Outros problemas de recursos humanos assolam os dirigentes de um CAMV, como por exemplo o facto dos colaboradores não se empenharem o suficiente em eventos que são promovidos para clientes e potenciais clientes, uma vez que isso implica terem que trabalhar para além do seu horário de trabalho. Até aqui não vemos qualquer inconveniente, o verdadeiro problema está relacionado com o facto dos colaboradores exigirem remuneração extra, que os Directores Clínicos não estão dispostos a pagar, pois argumentam que tem tudo a ver com o “amor à camisola” que eles sentem (ou não!) em relação ao trabalho que desempenham. Permito-me ainda de falar numa função que está em ascenção no panorama veterinário, mas que até hoje não teve o devido reconhecimento: os enfermeiros veterinários. Nas estruturas de maior dimensão (nomeadamente hospitais), estes enfermeiros desempenham efectivamente as funções para o qual estudaram vários anos, mas em CAMV de menor dimensão é frequente desempenharem as mesmas funções que um(a) auxiliar. Nestes casos, vantagens que os enfermeiros têm sobre as auxiliares? Melhor formação (designadamente em termos académicos) e maior qualificação técnica. Com uma oferta abundamente de enfermeiros veterinários face à procura existente, os ordenados que são oferecidos aproximam-se muito mais dos ordenados das auxiliares do que dos médicos veterinários. E isso é uma vantagem competitiva face às auxiliares que “apenas” tiraram um curso de média duração para exercer esta função no CAMV. Mas em inúmeros CAMV as auxiliares da “velha guarda” mantêm firme a sua posição e dificilmente um enfermeiro veterinário conseguirá substituir o seu papel, pois a antiguidade continua a ser um posto. E a experiência também.
Face ao exposto cabe-me ser imparcial: está mais que provado que os CAMV com uma liderança mais efectiva são os que menos problemas têm na gestão de recursos humanos.
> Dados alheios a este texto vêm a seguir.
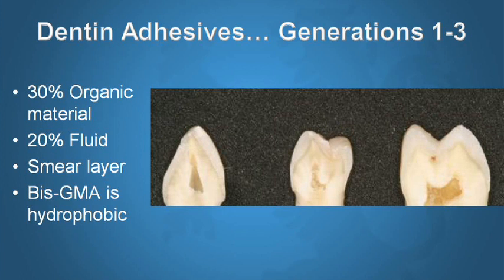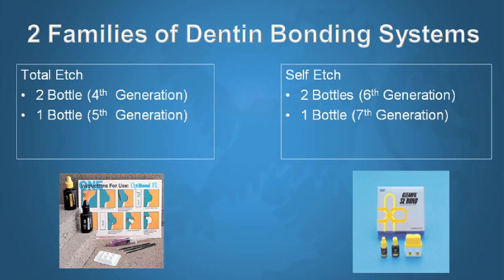The fourth and fifth generations are total-etch bonding systems; the sixth and seventh generations are self-etch bonding systems. Terminology keeps changing and can be confusing, but understanding the distinction between self-etch and total-etch makes it pretty simple. The first bonding systems to actually work on dentin were the fourth generation, first introduced by Fusayama and Nakabayashi, when we learned that etching dentin would not kill the pulp.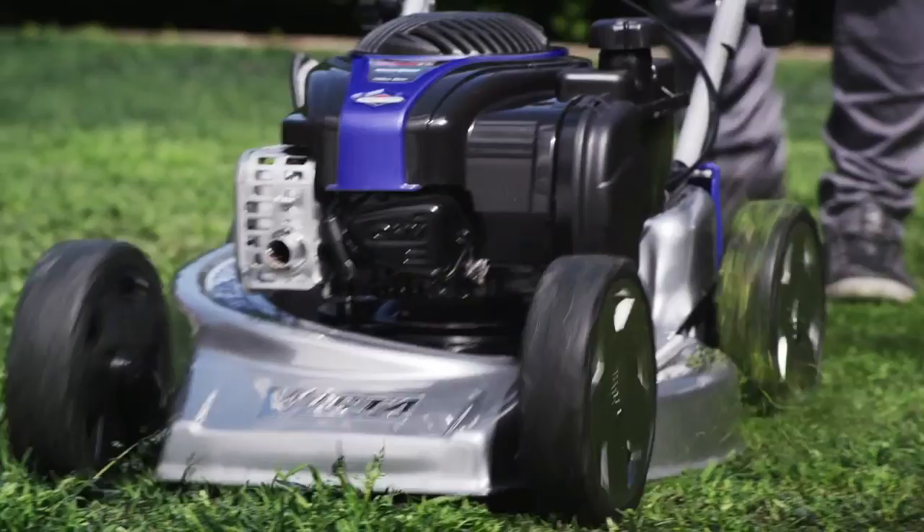Innovation you can trust makes Victor the number one choice in our backyard. See the latest Victor mowers at Bunnings or your specialist dealer.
Por outro lado, os colaboradores têm que ter uma noção clara do que custa manter uma empresa, pelos custos fixos e variáveis que esta tem de suportar todos os dias. E na maior parte das vezes, não têm. E é por esta razão que promovemos regularmente acções de sensibilização junto das equipas, demonstrando com números qual é negócio que necessitamos de gerar no CAMV para cobrir os custos totais. Muitas vezes os colaboradores ficam incrédulos, por não imaginavam sequer a dimensão dos custos existentes. E isso acaba por ser o tónico para a vontade de uma mudança na atitude e comportamentos em prol da empresa.
Enfim, se se identifica com muitos dos problemas relatados acima, deixe-me confortá-lo: não é o único. Aliás, arrisco-me a dizer que mais de 80% dos CAMV deparam-se diariamente com muitos destes problemas. Enquanto Director Clínico e/ou Gerente, trabalhe todos os dias para ser um chefe melhor, preferencialmente um líder. Enquanto colaborador (auxiliar, enfermeiro veterinário ou médico veterinário), cultive diariamente o seu orgulho e sentimento de pertença em relação ao CAMV, agradeça por ter um emprego num contexto económico altamente desfavorável e perceba que o sucesso do CAMV será o seu sucesso.
Gestão ou indigestão? Eis a questão.